Nilüfer Yanya: My Method Actor
And last but certainly not least, this young London-based singer-songwriter has been compared to Sade, but while I can hear this in her vocal timbre, she doesn’t quite carry off Sade’s suave sprezzatura. This is not a negative criticism: instead of coolness, she conveys a quiet intensity—which is matched by this album’s subtle, gorgeous production. In addition to being a great singer, Yanya is an accomplished and distinctive rhythm guitarist, and she demonstrates this throughout the album. She sometimes trades in her usual acoustic guitar groove for effective distortion effects, as on the choruses of “Like I Say (I runaway)” and the title track “Method Actor.” Her band is in the pocket and the songwriting is strong. What more could you want?
I’m going to take a few days off, but I’ll be back after Christmas for one final list of the year for premium subscribers: honorable mentions and the final selection(s) for album(s) of the year (out of these three dozen nominees from the past three posts). Then in the new year, we’ll begin our reading of the major works of Chaucer! Meanwhile, Happy Holidays!
Thanks for reading, from my fancy internet player-piano to yours.
I have loved reading your music selections - absolutely genre eclectic, brilliantly world-covering, and largely unknown to me until your posts. Thank you!!!

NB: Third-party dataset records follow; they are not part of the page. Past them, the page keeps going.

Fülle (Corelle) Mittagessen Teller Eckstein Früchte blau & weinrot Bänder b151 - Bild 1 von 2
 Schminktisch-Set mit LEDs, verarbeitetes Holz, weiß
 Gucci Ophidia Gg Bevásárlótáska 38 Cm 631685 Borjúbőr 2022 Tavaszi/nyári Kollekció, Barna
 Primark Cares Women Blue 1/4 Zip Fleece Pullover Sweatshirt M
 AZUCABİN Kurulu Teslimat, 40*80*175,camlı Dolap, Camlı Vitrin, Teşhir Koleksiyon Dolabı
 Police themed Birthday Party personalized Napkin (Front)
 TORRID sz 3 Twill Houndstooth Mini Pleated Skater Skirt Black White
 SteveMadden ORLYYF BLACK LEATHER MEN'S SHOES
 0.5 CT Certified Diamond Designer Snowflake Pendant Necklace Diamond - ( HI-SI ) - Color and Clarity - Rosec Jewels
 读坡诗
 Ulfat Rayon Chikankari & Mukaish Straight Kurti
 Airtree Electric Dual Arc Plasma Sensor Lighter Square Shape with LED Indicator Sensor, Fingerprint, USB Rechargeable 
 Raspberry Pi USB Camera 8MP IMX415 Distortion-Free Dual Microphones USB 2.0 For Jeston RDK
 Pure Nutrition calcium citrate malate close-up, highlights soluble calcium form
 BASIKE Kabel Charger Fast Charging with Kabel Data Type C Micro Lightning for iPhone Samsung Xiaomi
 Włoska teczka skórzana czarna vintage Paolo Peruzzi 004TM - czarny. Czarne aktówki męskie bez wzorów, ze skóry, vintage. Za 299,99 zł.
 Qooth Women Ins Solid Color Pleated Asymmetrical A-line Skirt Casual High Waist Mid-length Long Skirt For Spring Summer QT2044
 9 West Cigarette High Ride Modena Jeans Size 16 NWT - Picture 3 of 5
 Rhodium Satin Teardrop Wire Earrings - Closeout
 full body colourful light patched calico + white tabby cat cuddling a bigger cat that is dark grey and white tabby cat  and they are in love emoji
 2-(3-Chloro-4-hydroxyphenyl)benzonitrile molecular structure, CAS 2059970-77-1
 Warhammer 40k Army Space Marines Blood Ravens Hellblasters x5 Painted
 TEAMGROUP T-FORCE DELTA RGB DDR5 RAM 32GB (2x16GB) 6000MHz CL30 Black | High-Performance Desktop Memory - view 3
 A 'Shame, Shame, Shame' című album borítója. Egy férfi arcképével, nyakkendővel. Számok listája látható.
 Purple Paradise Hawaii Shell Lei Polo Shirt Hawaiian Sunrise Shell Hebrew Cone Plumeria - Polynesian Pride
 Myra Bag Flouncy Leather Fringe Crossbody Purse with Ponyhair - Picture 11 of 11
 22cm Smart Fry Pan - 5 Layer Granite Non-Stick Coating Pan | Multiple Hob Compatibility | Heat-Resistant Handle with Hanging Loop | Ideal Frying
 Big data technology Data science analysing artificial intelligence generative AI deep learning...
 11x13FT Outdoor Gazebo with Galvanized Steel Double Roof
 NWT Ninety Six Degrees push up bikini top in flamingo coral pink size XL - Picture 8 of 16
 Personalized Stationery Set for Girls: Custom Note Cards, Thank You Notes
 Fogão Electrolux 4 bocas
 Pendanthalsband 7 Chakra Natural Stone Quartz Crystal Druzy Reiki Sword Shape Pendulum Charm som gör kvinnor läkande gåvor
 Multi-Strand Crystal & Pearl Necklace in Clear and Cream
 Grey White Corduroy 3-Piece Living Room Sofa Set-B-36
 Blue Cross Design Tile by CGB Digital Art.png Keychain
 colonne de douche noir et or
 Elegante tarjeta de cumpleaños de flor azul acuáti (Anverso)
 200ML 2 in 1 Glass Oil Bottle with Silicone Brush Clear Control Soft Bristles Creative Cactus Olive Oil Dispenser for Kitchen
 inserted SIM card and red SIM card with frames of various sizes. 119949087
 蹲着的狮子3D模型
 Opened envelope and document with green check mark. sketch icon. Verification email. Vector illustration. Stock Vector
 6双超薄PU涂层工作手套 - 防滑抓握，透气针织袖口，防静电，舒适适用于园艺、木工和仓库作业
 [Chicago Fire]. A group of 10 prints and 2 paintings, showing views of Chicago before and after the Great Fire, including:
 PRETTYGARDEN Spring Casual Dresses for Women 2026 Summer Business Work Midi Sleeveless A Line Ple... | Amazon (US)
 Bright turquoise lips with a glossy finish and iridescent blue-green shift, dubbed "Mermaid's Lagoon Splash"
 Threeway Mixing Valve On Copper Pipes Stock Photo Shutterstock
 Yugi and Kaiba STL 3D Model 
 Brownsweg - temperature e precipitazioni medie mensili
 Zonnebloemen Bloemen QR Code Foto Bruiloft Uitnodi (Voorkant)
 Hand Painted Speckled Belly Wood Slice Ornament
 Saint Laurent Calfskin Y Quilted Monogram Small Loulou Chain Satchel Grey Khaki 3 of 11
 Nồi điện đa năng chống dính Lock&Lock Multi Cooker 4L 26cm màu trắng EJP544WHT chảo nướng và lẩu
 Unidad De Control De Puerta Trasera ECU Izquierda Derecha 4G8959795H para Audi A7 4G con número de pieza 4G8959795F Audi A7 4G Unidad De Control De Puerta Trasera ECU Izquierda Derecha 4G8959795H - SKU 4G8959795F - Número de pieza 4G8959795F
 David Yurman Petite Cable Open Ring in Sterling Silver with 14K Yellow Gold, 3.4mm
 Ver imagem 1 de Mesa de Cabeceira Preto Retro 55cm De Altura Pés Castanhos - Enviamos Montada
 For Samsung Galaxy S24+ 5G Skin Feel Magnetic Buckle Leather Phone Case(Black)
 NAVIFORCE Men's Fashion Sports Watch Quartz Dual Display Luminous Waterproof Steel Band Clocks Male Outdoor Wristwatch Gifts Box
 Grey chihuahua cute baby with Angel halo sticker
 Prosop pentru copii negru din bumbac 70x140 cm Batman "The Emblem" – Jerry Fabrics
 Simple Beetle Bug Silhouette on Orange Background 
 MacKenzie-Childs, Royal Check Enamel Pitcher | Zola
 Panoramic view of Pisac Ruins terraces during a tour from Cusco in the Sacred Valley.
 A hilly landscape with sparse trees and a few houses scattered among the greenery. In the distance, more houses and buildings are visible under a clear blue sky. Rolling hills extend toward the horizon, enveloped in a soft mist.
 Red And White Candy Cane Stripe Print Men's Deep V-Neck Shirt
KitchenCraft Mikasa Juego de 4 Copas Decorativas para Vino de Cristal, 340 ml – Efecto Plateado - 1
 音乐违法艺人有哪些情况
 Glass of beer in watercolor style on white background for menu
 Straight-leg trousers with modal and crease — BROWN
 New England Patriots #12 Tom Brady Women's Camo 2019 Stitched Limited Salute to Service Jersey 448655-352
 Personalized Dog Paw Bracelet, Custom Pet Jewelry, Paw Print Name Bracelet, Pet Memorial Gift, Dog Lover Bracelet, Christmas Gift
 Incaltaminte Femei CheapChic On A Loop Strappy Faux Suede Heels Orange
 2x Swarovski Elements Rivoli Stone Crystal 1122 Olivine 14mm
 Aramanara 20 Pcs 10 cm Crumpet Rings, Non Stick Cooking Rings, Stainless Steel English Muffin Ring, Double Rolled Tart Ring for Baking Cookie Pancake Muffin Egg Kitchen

I am very familiar with Byrd's The Bells on period instrumentation. Hearing it on modern piano was like listening to an entirely different piece of music - it works, but it is not the same sound. Many of the albums in this list depended on effective sound engineering, whether a set well placed microphone and a good sound mixer or on an entire electronically generated wall of sound. The Bells on piano seems stripped in comparison, less three dimensional in sound than the original lute. Bach's Well Tempered Clavier wasn't intended for piano either, and there is a similar flattening effect when playing Bach on piano.